## What is required
Retype each line of the material exactly, please, skipping any picture in it.

## Supplied information

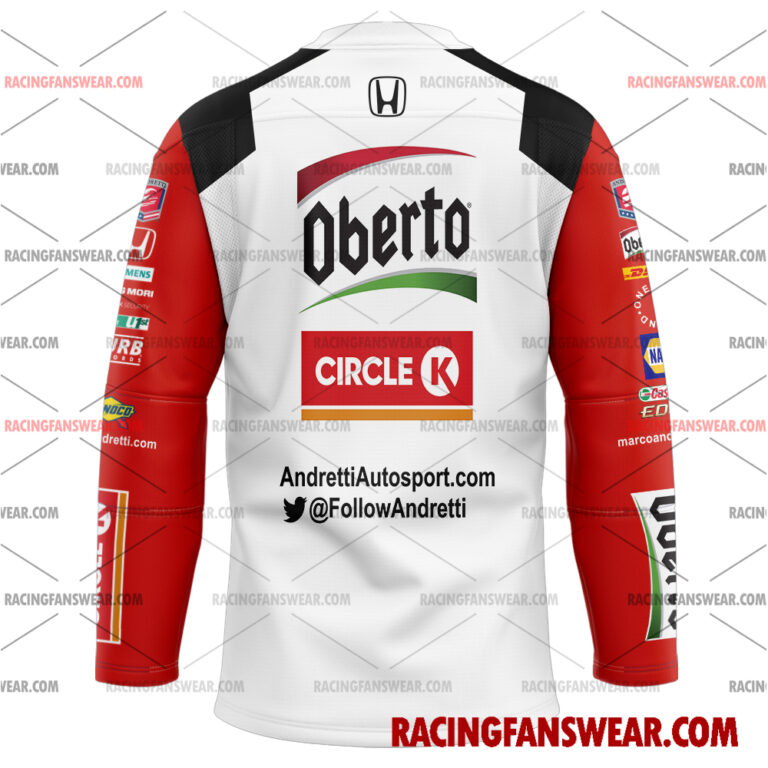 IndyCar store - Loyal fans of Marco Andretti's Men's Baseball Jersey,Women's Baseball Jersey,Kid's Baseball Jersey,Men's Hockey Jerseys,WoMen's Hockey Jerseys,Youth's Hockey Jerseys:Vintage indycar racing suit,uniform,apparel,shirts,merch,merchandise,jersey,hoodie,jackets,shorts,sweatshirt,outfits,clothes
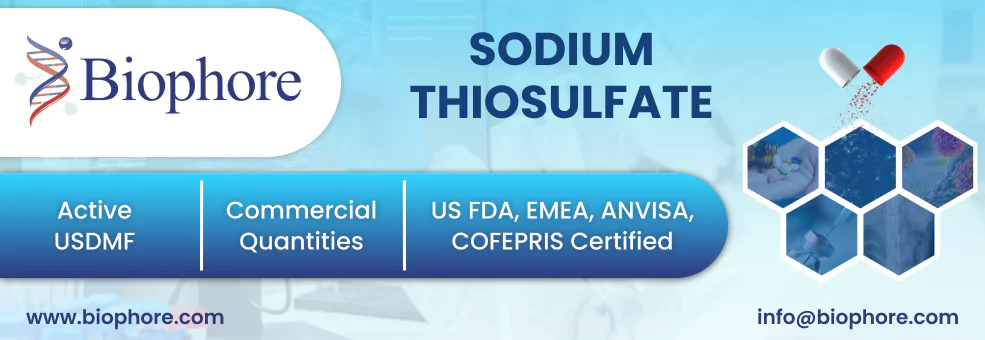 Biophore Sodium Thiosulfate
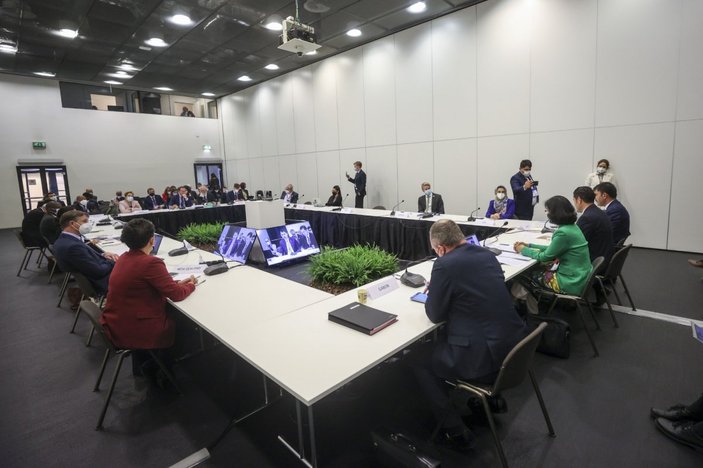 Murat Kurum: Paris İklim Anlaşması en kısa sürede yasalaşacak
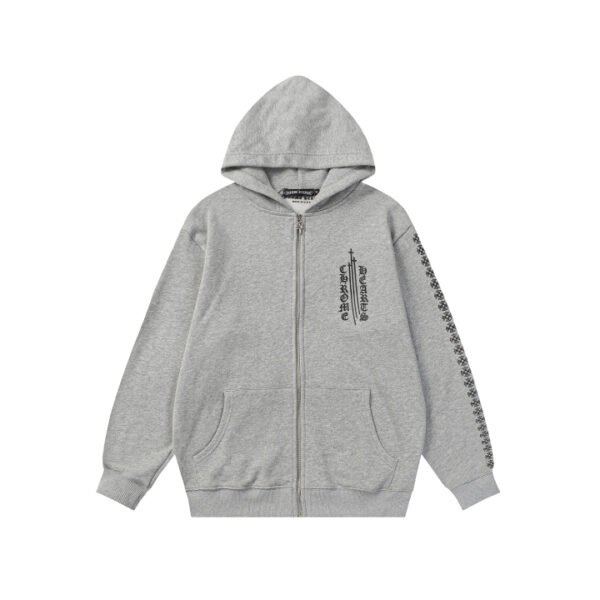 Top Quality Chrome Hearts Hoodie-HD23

## Completed task
 IndyCar store - Loyal fans of Marco Andretti's Men's Baseball Jersey,Women's Baseball Jersey,Kid's Baseball Jersey,Men's Hockey Jerseys,WoMen's Hockey Jerseys,Youth's Hockey Jerseys:Vintage indycar racing suit,uniform,apparel,shirts,merch,merchandise,jersey,hoodie,jackets,shorts,sweatshirt,outfits,clothes
 Biophore Sodium Thiosulfate
 Murat Kurum: Paris İklim Anlaşması en kısa sürede yasalaşacak
 Top Quality Chrome Hearts Hoodie-HD23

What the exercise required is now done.